After thinking long and hard about your great, original story, and spending a good deal of time planning like crazy, now to the next step; writing the damn thing . . .
By strathiefilm, 19-Mar-2013 21:19:00
USEFUL STEPS TO WRITING A SCREENPLAY - PART 1 - "PLANNING YOUR SCREENPLAY"
---------- PLANNING YOUR SCREENPLAY ----------
Plan, plan, plan!
Some plan more than others. Some don’t plan at all. But I personally can’t stress enough that preparation is key.
Do you know your story as well as your favourite movie?
I like to know my story, before I start writing, as well as one of my best films. Let’s just choose something as an example; “Star Wars : A New Hope”. Lets just pretend this film doesn’t exist (can you fucking imagine!?) , and that it is, in fact, YOUR idea (lucky bastard) . Now, watch it religiously. Watch it so much you know it scene-by-scene. Now, start writing this film, as if it’s an idea, not an existing material. The writing process should be rather easy. Writing YOUR script should be as easy as writing an existing film you know so well. Preparation is the hard part, writing should be the payoff.
No right or wrong way to plan a script
We all think differently, therefore, we will all cope differently, and uniquely, when planning OUR story. Don’t try and learn, or teach yourself the ‘right way’ to plan a script, because there simply isn’t one. Plan your script YOUR way.

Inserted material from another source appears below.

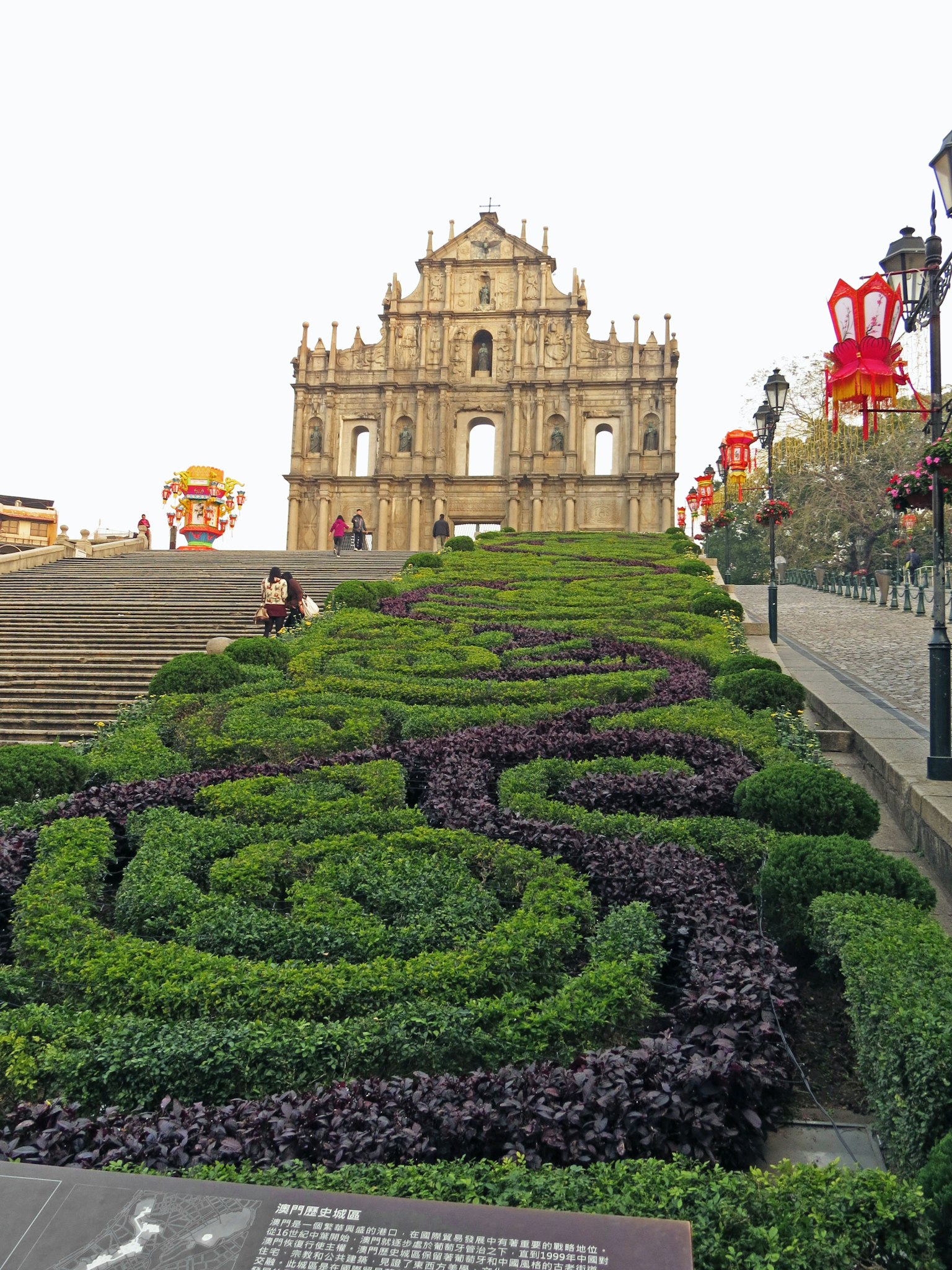 Ruinen der St. Pauls Kathedrale in Macau mit kunstvollem Garten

Step-by-step outlining; a step-by-step breakdown of your story. Novice writers sometimes skip this stage (or, the planning stage in general) and just start writing. They’re up for a lot of headaches, as step-outlining can save a lot of time with rewrites. This method, however, ISN’T scene-by scene. It’s event-by-event.
Jumping straight into it?
As I said on the previous section, some writers jump straight into writing, without planning at all. In all honesty, this can be a useful method. A sort of “stream of consciousness” can come flowing out of your mind if you sit with a pen and pad (or keyboard) and just start writing your story. Ok, it’ll probably be rubbish, but the ideas are coming out quick and strong, which you may forget or lose the feel of later on. It may work for you.
Keep production in mind
How much is this going to cost? No matter the budget, keep production in mind when writing. If you’re writing an ultra-micro budget script, maybe your debut feature, that might cost anywhere between £5,000 and £30,000, I strongly recommend to avoid seven- car pile-ups, exploding skyscrapers, massive gun fights, space operas, nuclear explosions, and so on. Of course, there are ways to get these special effects today, thanks to technology, but if you want it to look good, you need to spend lots of time and lots of money making it look believable; resources which you probably won’t have. You’ll have to juggle your story around production costs. As an example, the script I’m currently writing involves an Ambulance, six cars and an arctic lorry, crashing on a motorway, exploding into massive balls of flame. Everyone dies. But the feature will be ultra-micro-budget. Yet, I NEED the scene. If this is you, really contemplate whether you need the scene or not. You think it may look good and exciting, but if your film is low budget there’s just no way. There’s an infinitive number of creative, visual ways to tell the same story/event. Can we HEAR it instead? Such glorious tools of film make things more powerful (as well as cheaper!) Look at M. Night Shyamalan’s “Unbreakable”: Bruce Willis needs to be in that train crash at the start of the film to prove, as he’s the only survivor, that he’s unbreakable. Shyamalan chooses not to visually show the train crash. A mindless Hollywood producer would want the train crash in mind-blowing 3D, coming out the screen for the sheer hell of it!!! Shyamalan, on the other hand, regardless of production costs, chooses NOT to show it, making the film much more emotionally powerful. So, just because you’re probably shooting on a no-budget, doesn’t mean you film will be dull at all. But, when writing, keep production in mind at all times. It’ll make your life easier later on.
Keep it epic!
Not as in car crashes, gun fights, fight scenes and crazy action, but epic in story, through drama , character conflict., etc.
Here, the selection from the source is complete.